A repository for replicating the experiments found in "File Systems Unfit as Distributed Storage Backends: Lessons from 10 years of Ceph Evolution" (SOSP '19). Efforts were made to best follow the Research Artifact Evaluation for SOSP 2019 described here. The Ceph project's source code can be found here and you can find documentation here.

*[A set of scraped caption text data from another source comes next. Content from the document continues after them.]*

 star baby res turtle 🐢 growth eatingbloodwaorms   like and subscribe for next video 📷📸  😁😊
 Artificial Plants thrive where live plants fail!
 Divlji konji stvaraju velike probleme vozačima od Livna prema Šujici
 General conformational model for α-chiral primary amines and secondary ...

The experiments were run on the Carnegie Mellon University Parallel Data Lab Orca cluster. 16 nodes are needed to run these experiments and it's assumed that each node has a HDD and SSD. Nodes are connected with a Cisco Nexus 3264-Q 64-port QSFP+ 40GbE switch.
Node hardware:
CPU: 16-core Intel E5-2698Bv3 Xeon 2GHz
RAM: 64GiB
Drives: 400GB Intel P3600 NVMe SSD, 4TB 7200RPM Seagate ST4000NM0023 HDD
NIC: Mellanox MCX314A-BCCT 40GbE
We use the Ceph project to demonstrate the effect of filesystem backends. Ceph is open source and has documentation available online. Ceph Luminous documentation can be found here. The Ceph project source code is available here. For the original experiments, all nodes run Linux kernel 4.15 on Ubuntu 18.04, and the Luminous release (v12.2.11) of Ceph. Ubuntu 16.04 should obtain similar results for RADOS experiments. However, Ceph RBD may require newer kernel features as described here. If you want to use Ubuntu 16.04, you'll have to either upgrade your kernel or configure Ceph RBD to not use those extra features.

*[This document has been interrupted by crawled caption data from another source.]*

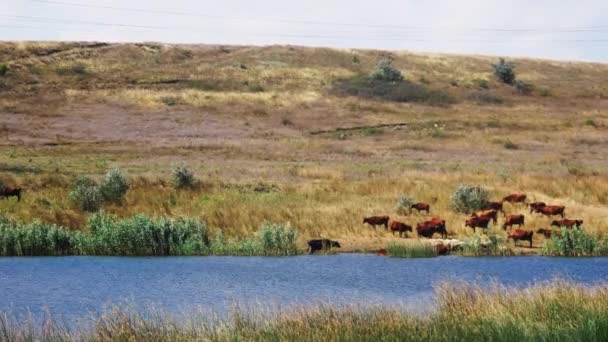 Na druhé straně řeky, na březích jsou krávy — Stock video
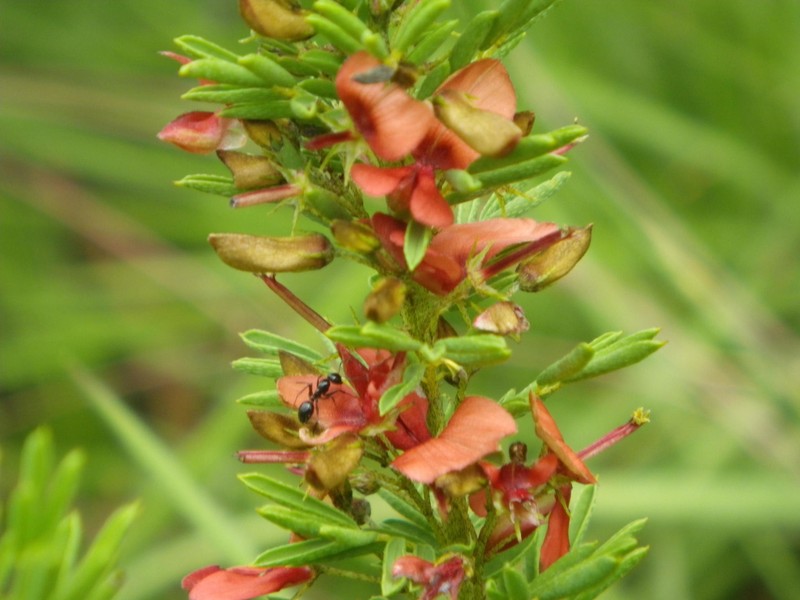 Indigofera vestita photo 8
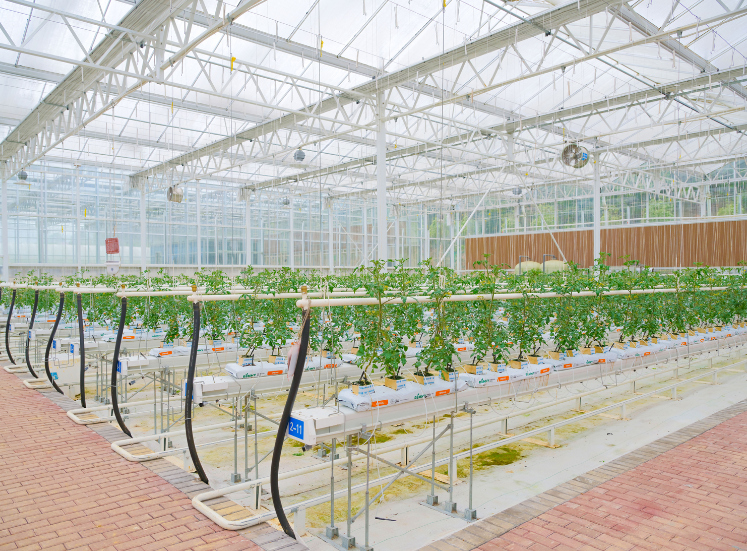 图为长沙县果园镇新明村有机谷温控大棚,通过先进的智慧农业温室技术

We provide instructions on reproducing the results of the experiments in the EXPERIMENTS.md file.
If you haven't deployed a Ceph cluster before, we recommend following the ceph-deploy guide found here to understand how Ceph works in practice. You will need to understand how to deploy and maintain monitors, managers, and OSDs. You do not need to deploy a MDS or RGW for our purposes. You can then switch to the Ansible install method once you have a better idea of what the configurations mean.